An important feature of the Parellel Architecture is that different types of information (phonological, syntactic/morphological, and semantic) are simultaneously accessible (Booij and Audring, 2016). For instance, the attachment of an affix to a base may be dependent on prosodic properties of the base, which must therefore be available for this morphological operation. Hence, information on the level of phonological structure must be accessible for the expression of generalizations on the morphological level. An example from English is that the comparative suffix -er only attaches to adjectives that are monosyllabic or disyllabic with a light second syllable (as in big—bigger, happy—happier).

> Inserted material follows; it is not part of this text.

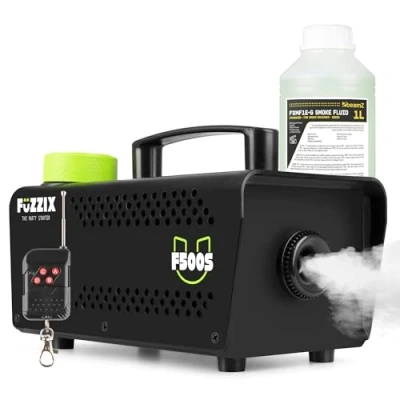 Imagen de Fuzzix F500S Máquina de humo 500W con control remoto, 50 m3/min, calentamiento rápido en 2,5 min, depósito 250 ml, incluye 1L líquido, ideal para fiestas, DJs y eventos
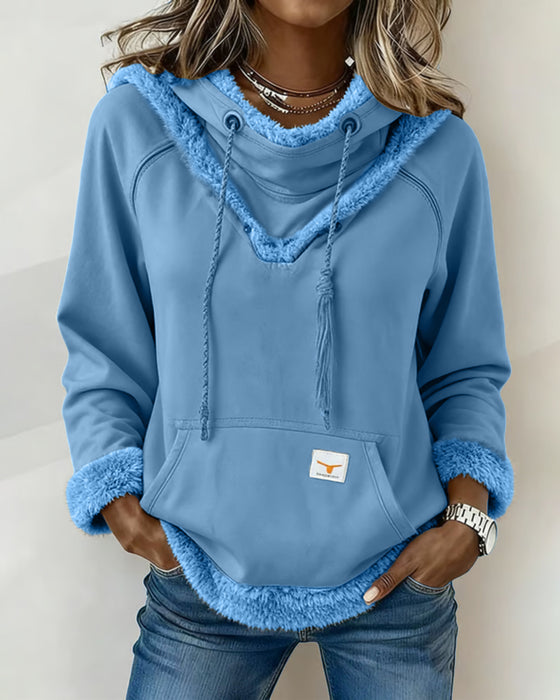 Langærmet Sweatshirt Med Patchworkdetaljer Og Lomme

This generalization cannot be expressed if morphology (the construction of complex words) is assumed to precede phonology, since phonology provides essential information on the syllable structure of the base words for this morphological process. A similar analysis, with a crucial role for phonological information, is presented in Tsujimura and Davis (2011) for so-called innovative verbs in Japanese.

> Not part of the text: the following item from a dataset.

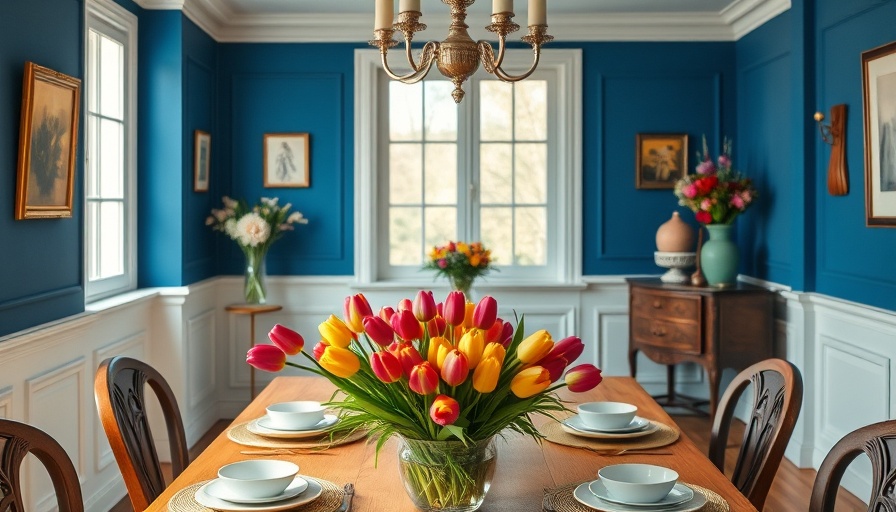 Elegant spring dining room decor with tulip centerpiece.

3. The Nature of the Lexicon, Intermediate Schemas, and Affixoids

In CxM the lexicon contains fully specified representations for both simplex and complex words. Constructional schemas specify the systematic properties of sets of complex words and thus reduce the amount of non-arbitrariness in the form-meaning relationships of words (Booij, 2016b).

In between abstract constructional schemas and the complex words that instantiate these schemas, CxM posits intermediate levels for subclasses of the relevant set of complex words. For instance, for Dutch [N N]N compounds we need subschemas in which the first N is lexically specified, because nouns can have a specific meaning bound to their occurrence in compounds. An example is the use of the noun pracht ‘beauty, splendor’ in compounds such as prachtvrouw ‘great woman’ and prachtkans ‘great opportunity’ in which pracht has acquired a more abstract meaning of very positive evaluation. Hence we need a schema for these words that expresses this generalization:

(8)

Construction Morphology

This phenomenon implies a blurred boundary between compounding and derivation (Booij, 2005a), since such words with a meaning bound to a morphological constructions become similar to affixes, which also have bound meanings.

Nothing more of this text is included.